Did you “beef up” the batt. to chassis and chassis to engine grounds?:stare:94

whoa, this is the best response i’ve ever got back… ok to business, it a phoenix gold 2000 Watt peak, but like i said im running about 800 Rms at 2 Ohms, i have 5 gauge power wire and 8 gauge grounding wire, theres a in dash-dvd, single din and pioneer speakers on the inside, ran the power wire through my c.c hole in the fire-wall since it was removed, i grounded to one of my rear taillight bolts/studs, i have a BRAND NEW durashit gold battery, like 1000 amps 720 cold cranking, i have a reman alternator from napa thats less than a year old, i havent tested lately but in the winter, with all my accessories i wuz holding 12 volts with everything turned on.

OK, first I need the make and model of the amp(s).

Using a smaller gauge ground cable then the power cable is not right, and grounding to a tail light stud is also not right.

5ga power cable???
What brand, and are you sure it’s 5ga?

“ran the power wire through my c.c hole in the fire-wall since it was removed”

“CC hole”???
What and where?:hmm: 94

its a monster set from walmart, by cc i mean cruise control grommet in the fire wall, where would u recommend i ground it? my whole back interior is removed so it shouldnt be hard finding a spot, yes its 5 ga. double checked, ill look for the model no# rite now. but i plan on going with a jl amp to compliment the jl subs, dont want to blow tensil leads again, what else is there, ive installed sounds before just never in a Spocom, figured it would drain alot of juice from the smaller car, no problems yet

Use a seat or seat belt bolt for the ground.

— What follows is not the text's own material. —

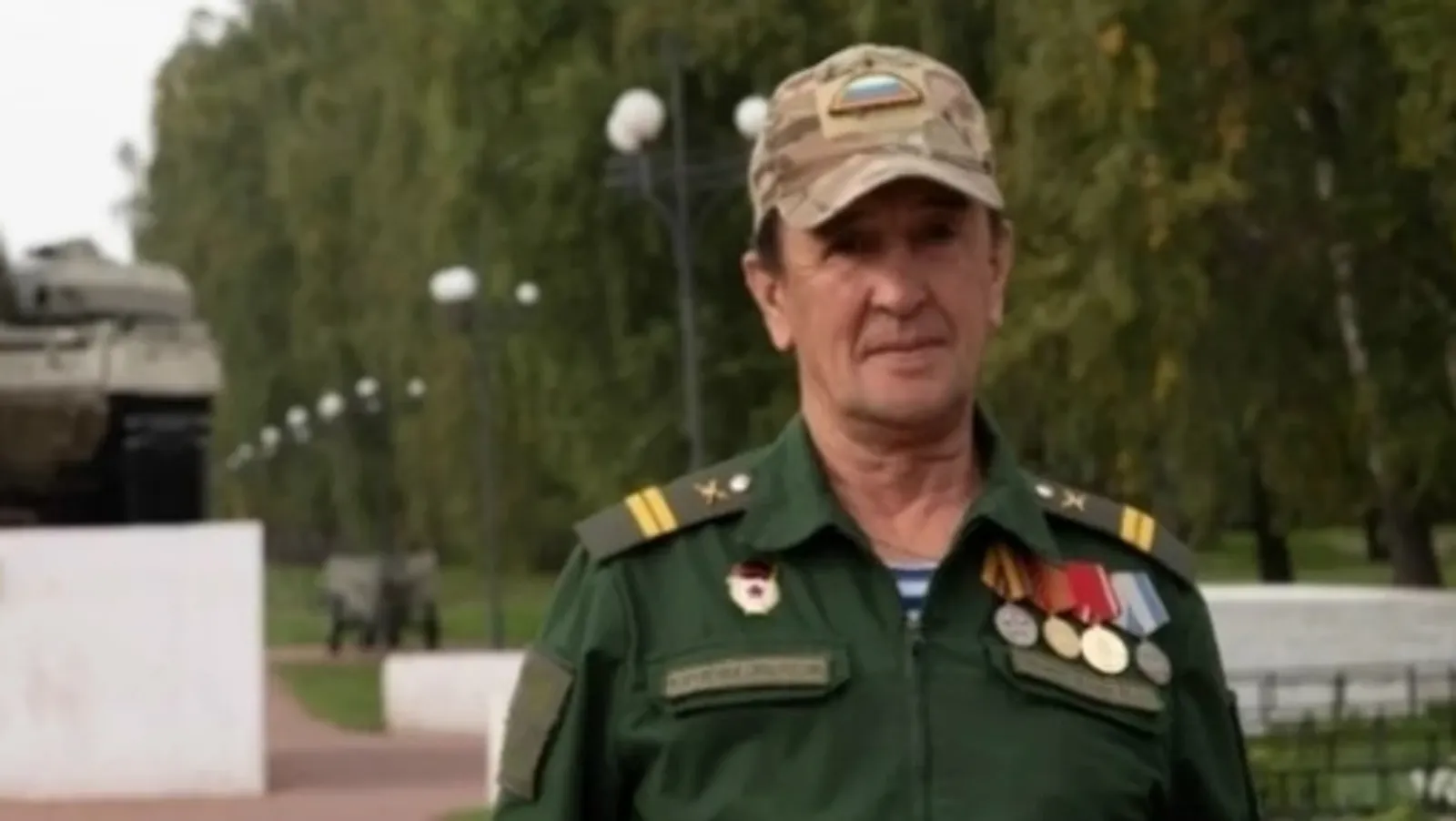 Миншакир Гиниятуллин служил в штурмовом отряде. / Эмиль Мусин / АиФ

Amp ground leads should be as short as possible, should be the same gauge, or thicker, as the power lead, and should be in contact with the floor pan of the car.
Any bolt or stud in the floor pan of the car will work, make sure you clean any dirt/paint down to bare metal so ring terminal is making direct contact with the floor pan.

You should also at least “beef up” the batt. to chassis ground, run the same gauge ground lead as amps, from the batt. neg.(-) to the cars chassis, shock tower studs work well.

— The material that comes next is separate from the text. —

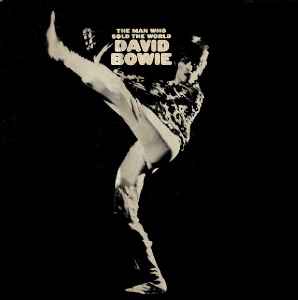 David Bowie The Man Who Sold The World RCA Victor 1972 - LP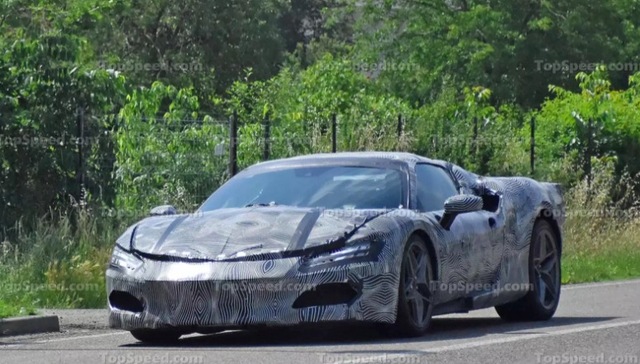 时隔46年再次启用V6引擎，法拉利代号F171车型或明年发布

Your power lead should take the shortest possible course from the batt, into the pass. compartment and the amp, keep it as short as possible.

Burnt tinsel leads is an indication of a clipping amp, either the speakers are underpowered and the amp is driven into constant clipping or the amp is not getting proper current, poor grounds or power will cause an amp to clip long before it produces it’s rated RMS wattage.

What model of JL Audio sub(s) do you have?
Also what kind of fuse is in the power line?:tapfing:94

the newest series W3’s (2) and there is a 100 watt fuse if im correct, yea your right about the tinsel leads i blew some W0’s before using a weak amp, if anything else pops up ill be sure to post, but for right now im gonna look into a getting a new alternator re-grounding the ground and probably shortening the power cable, but it has only about a foot extra of length.

yea when your right your right, i blew my alternator yesterday, so i exchanged and got a brand new unit,… it says it cranks out 91 Amps at 6,000 rpm and like 41 amps at 2,000 rpm, we all know how hard it is swapping out alternators on our cars,… is this good enough or should i buy one of those aftermarket alts, at summitracing?

If you have to go through the hassle of replacing it anyway, I would look for something bigger… :hmm:94

u da best, gonna call em’ monday, thanks man.